By John Muhanji
Mfangano Island is 65 km² in area and rises to 1,694 m at Mount Kwitutu. It has a population of over 26,000 people. Administratively, Mfangano is part of Mbita Constituency, Homa Bay County, Kenya.
As one of Lake Victoria’s largest islands, it lies in the boundary waters of Kenya, Tanzania, and Uganda.
Most residents are descendants of the Abakunta people, who sailed across the lake from Uganda over fifteen generations ago. Mfangano Island is home to the largest population of Olusuba (or Suba) language speakers in Kenya. However, Olusuba is becoming rarer because of intermarriage between Suba men and Luo women from the mainland, as traditionally children learn their “mother tongue,” that is, their mother’s language. Other languages spoken on the island include Luo, Swahili, and English. Members of the Luo tribe are concentrated on the eastern side of the island, primarily fishermen, and subsistence farmers.
Transportation on the Island consists mainly of walking and boat travel in small wooden handmade boats that sometimes sail. There are bicycles and motorbikes now since the government cut a road that circles the island. It is reported that the first car to be driven on the island’s soil was on February 2, 2007. Since then, several automobiles have been seen, and others are now used locally for transport. There is a small air strip which is used mainly for tourists and sometimes campaigning politicians.
The government has also worked hard to ensure a consistent electricity supply within the island, using generators. This has led to growth within the region and improvement in the economic ability of the island. Fishermen can now store their fish as they wait for the markets on the mainland.
Before Quakers came to Kenya in 1902, one of the three original Quaker missionaries, Willis Hotchkiss, in 1900, traveled with the Inland Church Missionaries in early 1900, though they did not even reach Nairobi due to malaria from the mosquitoes along their route as they traveled from Mombasa. So he decided to return and try again after convincing a team of Quakers to join him to explore the East African country. They came prepared to meet the unknown to the end. Fortunately, they arrived in 1902, after the the railway line had just been completed from Mombasa to Kisumu, and they took the train safely without the difficulties of mosquitoes and lions.

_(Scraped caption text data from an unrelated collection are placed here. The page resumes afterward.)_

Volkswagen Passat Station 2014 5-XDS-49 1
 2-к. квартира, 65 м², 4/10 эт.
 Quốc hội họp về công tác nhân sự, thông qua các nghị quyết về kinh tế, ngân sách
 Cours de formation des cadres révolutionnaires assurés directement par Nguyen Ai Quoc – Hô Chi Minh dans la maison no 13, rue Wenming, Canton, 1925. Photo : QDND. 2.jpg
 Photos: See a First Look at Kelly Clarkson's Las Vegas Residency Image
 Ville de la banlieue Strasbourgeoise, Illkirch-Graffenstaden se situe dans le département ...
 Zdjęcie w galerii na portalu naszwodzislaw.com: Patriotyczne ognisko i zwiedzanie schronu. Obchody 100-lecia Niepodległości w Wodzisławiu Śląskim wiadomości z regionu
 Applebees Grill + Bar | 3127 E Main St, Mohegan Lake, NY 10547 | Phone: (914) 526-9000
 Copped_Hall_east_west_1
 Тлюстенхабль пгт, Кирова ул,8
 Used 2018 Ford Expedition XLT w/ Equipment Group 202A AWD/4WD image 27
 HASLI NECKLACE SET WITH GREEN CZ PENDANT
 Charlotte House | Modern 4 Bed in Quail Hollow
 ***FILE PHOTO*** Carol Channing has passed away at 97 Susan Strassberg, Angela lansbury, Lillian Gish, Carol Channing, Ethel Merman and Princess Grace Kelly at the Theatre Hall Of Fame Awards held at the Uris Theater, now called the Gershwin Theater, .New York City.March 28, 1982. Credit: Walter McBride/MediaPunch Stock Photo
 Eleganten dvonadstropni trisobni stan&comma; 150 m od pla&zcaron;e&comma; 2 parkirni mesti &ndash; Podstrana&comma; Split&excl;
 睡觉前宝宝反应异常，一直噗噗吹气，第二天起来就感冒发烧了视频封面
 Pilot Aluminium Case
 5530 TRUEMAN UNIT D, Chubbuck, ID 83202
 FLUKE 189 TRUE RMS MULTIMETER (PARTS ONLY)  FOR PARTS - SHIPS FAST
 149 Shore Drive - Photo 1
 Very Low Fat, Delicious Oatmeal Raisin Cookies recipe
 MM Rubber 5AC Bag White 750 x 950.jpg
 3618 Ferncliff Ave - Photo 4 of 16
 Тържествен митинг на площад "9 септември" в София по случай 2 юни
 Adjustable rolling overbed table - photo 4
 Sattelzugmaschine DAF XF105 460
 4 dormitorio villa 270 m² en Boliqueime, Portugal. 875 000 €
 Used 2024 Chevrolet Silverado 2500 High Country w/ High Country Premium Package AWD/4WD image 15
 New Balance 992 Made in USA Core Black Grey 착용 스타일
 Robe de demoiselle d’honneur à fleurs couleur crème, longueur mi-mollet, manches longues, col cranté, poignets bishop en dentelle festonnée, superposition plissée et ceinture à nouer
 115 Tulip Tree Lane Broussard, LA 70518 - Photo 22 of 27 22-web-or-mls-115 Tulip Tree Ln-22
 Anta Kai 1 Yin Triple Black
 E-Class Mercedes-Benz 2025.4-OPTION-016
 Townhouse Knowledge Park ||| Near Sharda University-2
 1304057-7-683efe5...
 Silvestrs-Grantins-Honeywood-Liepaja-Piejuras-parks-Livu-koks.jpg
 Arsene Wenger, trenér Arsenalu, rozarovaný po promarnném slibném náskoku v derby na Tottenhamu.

In our case, we had Rose Murunga from Elgon East Yearly Meeting, who had been on the island and saw the potential of the Quaker church being opened on the ground. Looking at the island’s history, it seems communication has been a challenge for many years, but this was our time for reaching the island and planting a church. A British Friend named David Bale connected with Kenyan Friend Rose Murunga, and joined Samuel Odida of Mfangano Island, who was not a Quaker. They had established a school that serves the vulnerable orphaned children from the island. It was not attached to any church, and since people trust a church-connected school, Samuel used the name of another ministry, which he has been paying monthly for using their name. David reached out to me and requested that we plant a Quaker church on the island. This was followed by Samuel the Suba, who visited the Africa Ministries Office in Kisumu with Rose Murunga, and as we shared, he was ready to join the Quaker church and welcomed us to visit the island and plant a church. He had built a chapel on the school compound, which also serves as a church.
The three original Quaker missionaries came and found the ground ready for the church planting. They were welcomed by the Anglicans who had settled at Vihiga and who sold them the Kaimosi mission property for a start. This made their work more accessible because they had a place to operate from as they explored the Luhya land. In the same way, we have landed on the island with a place to start our Quaker mission. The Lord had already prepared the way for us to plant a Quaker church. So Paul says in Ephesians 2:10, “For we are God’s workmanship, created in Christ Jesus to do good works, which God prepared in advance for us to do.” Our Mfangano Quaker mission reflected similarly to what Paul is telling the Ephesians. God had already prepared us in advance to plant the Quaker church without many challenges except for taking responsibility.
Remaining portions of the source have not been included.